(Beginning of Exercise data)
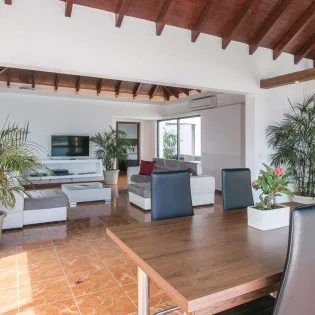 4 vacation rental photo St Barthelemy WV VDD Villa Villa Do Dragan St Barts Villa VDDdin02 desktop SBP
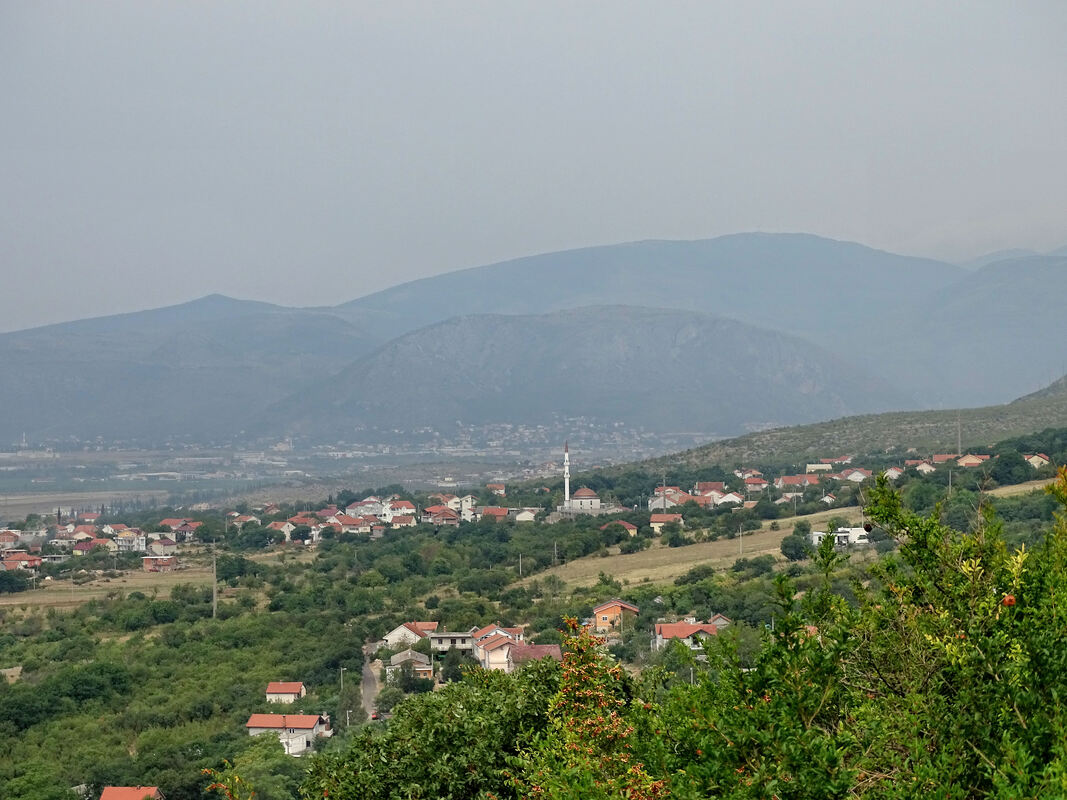Selo Dračevice smjestilo se na području gdje se padine platoa Podveležja spuštaju do Bišća polja.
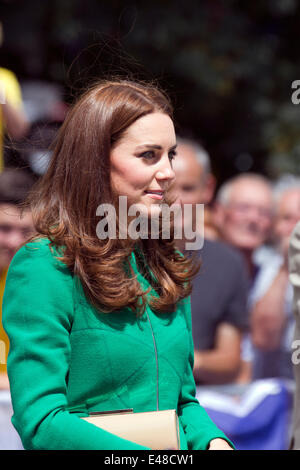 Catherine, Herzogin von Cambridge GCVO, ein Mitglied der britischen Königsfamilie Kate, auf einem königlichen Rundgang mit Besuch des Dorfes West Tanfield vor der Ankunft des Tour de France Pelotons. Das Dorf hat vor allem die “Le Grand Abfahrt umarmt. Die Tour de France ist die größte jährliche Sportveranstaltung der Welt. Es ist das erste Mal, dass Le Tour den Norden Englands besucht hat, nachdem sie zuvor nur die Südküste und die Hauptstadt besucht hatte. Stockfoto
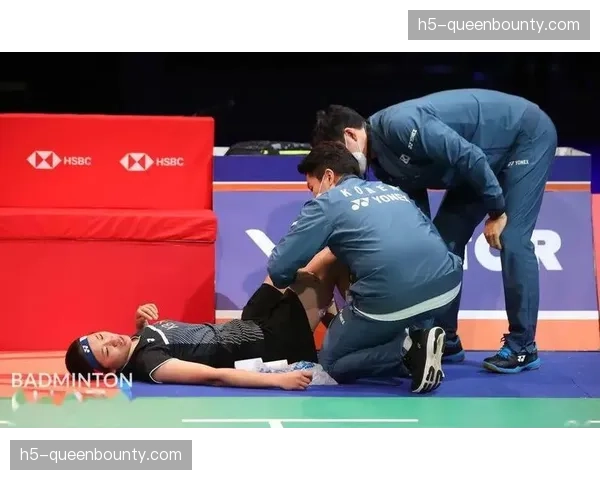 丹麦男双名将阿斯特鲁普接受膝盖手术，预计休战六个月。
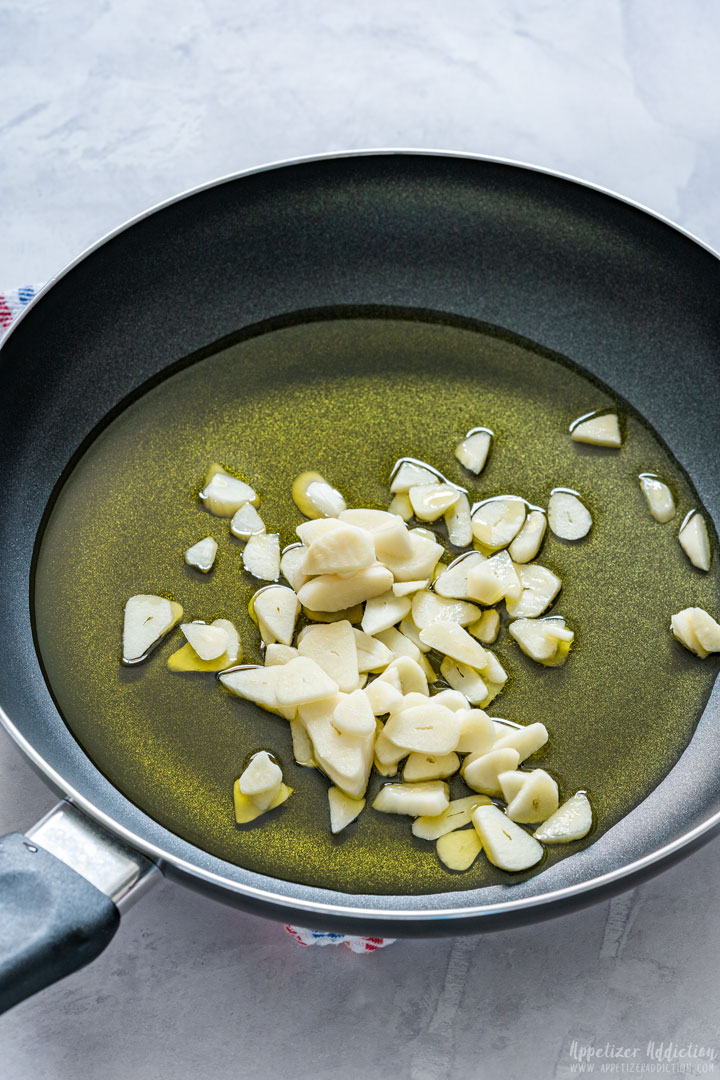 Cooking garlic on the pan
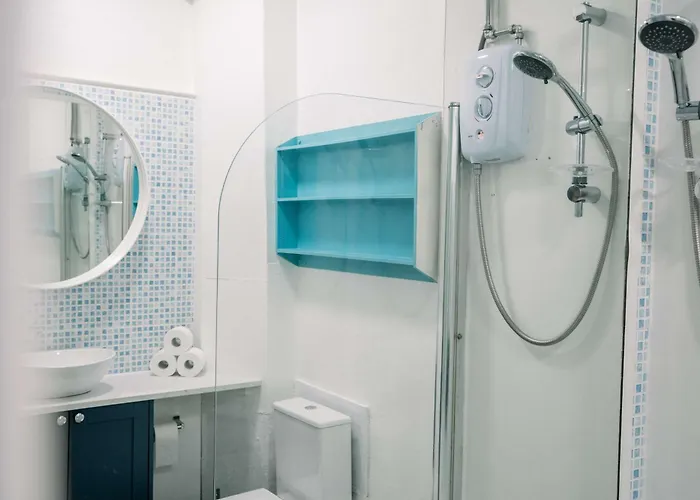 3 Bed Traditional On Picturesque Victoria St 公寓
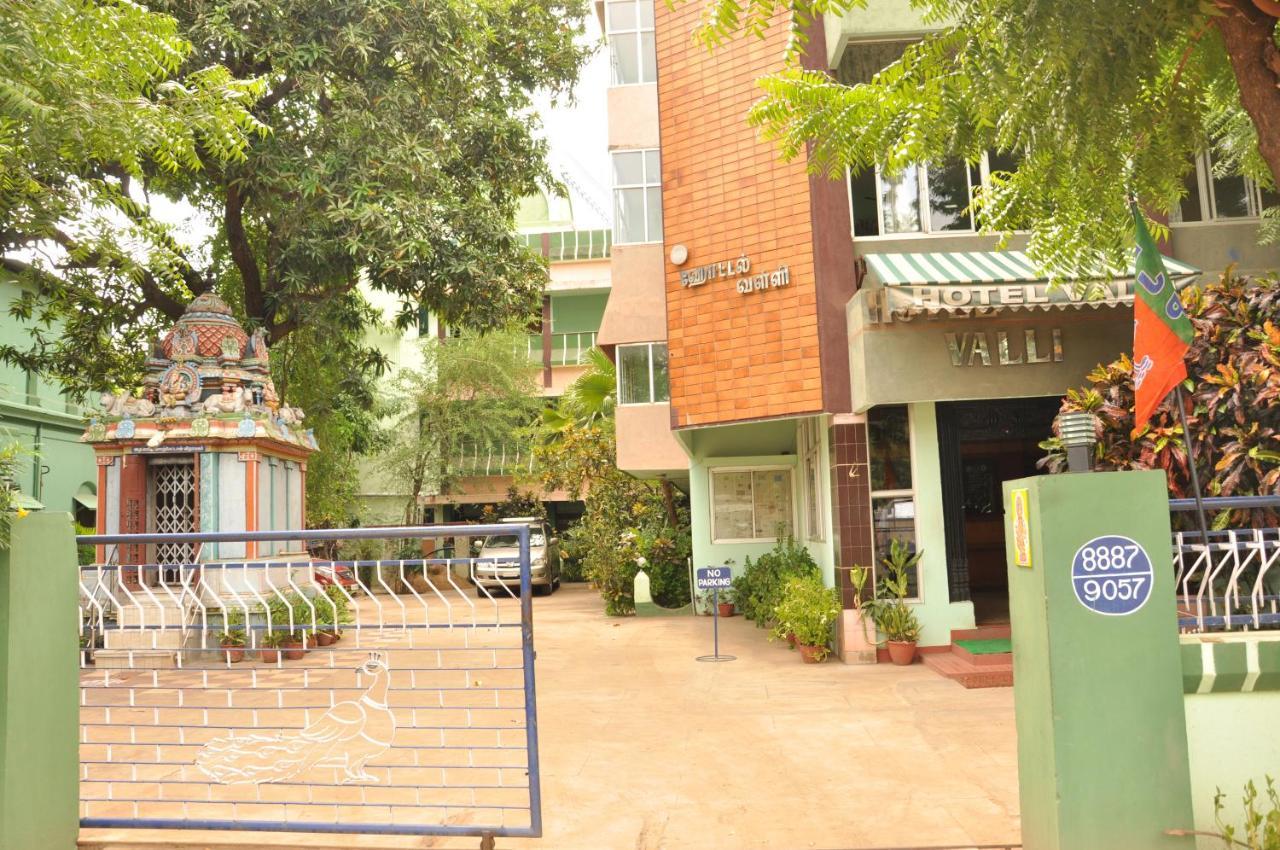Valli Hotel Thanjavur Exterior photo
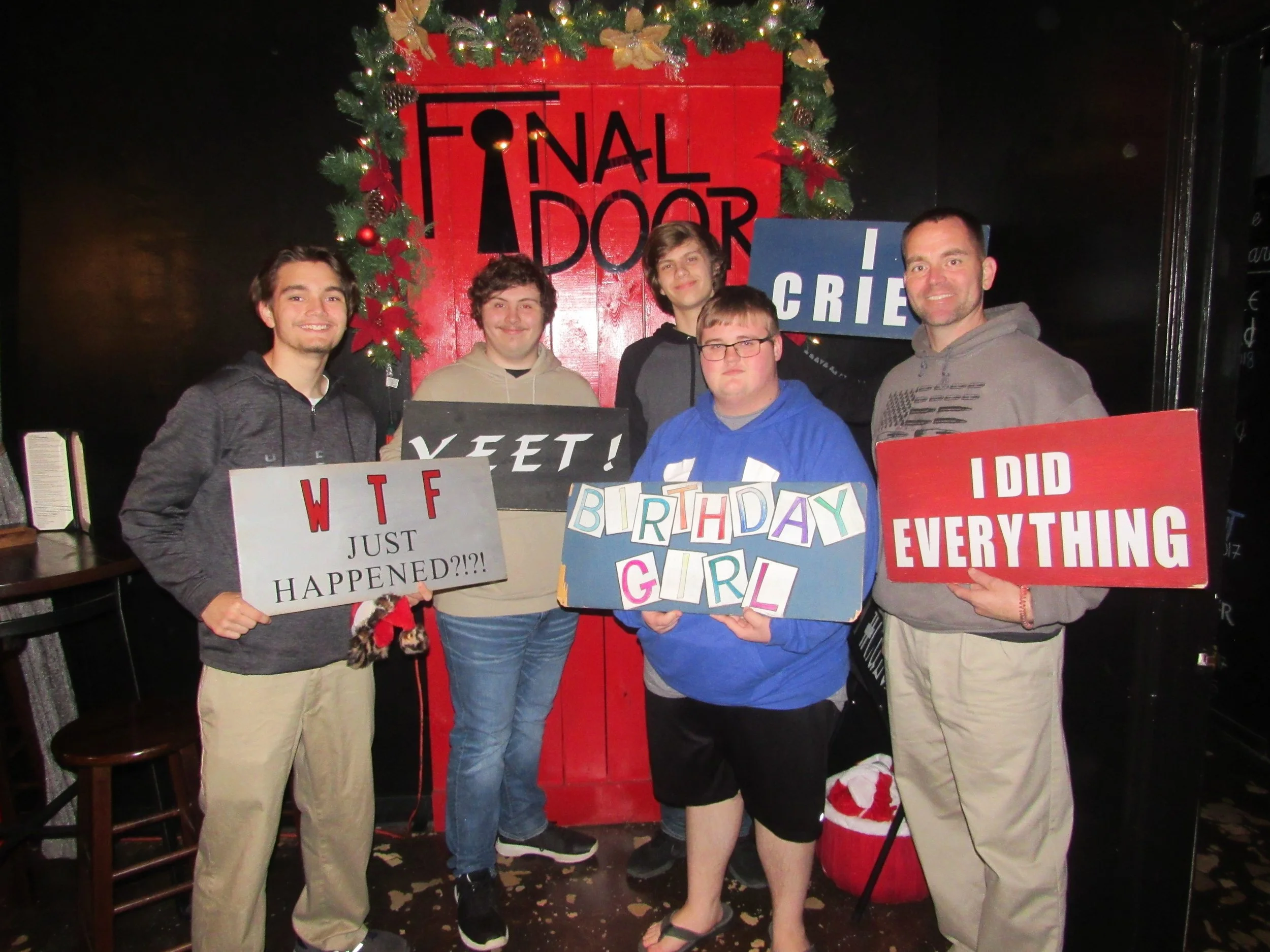 the-final-door-escape-room-columbia-sc-team-photos-12-21-21 (13).JPG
(End of Exercise data)
Exercise description:
From the line containing "3 Bed Traditional" through the last line of the entries, both included, print each line exactly and omit any picture.

Answer:
 3 Bed Traditional On Picturesque Victoria St 公寓
Valli Hotel Thanjavur Exterior photo
 the-final-door-escape-room-columbia-sc-team-photos-12-21-21 (13).JPG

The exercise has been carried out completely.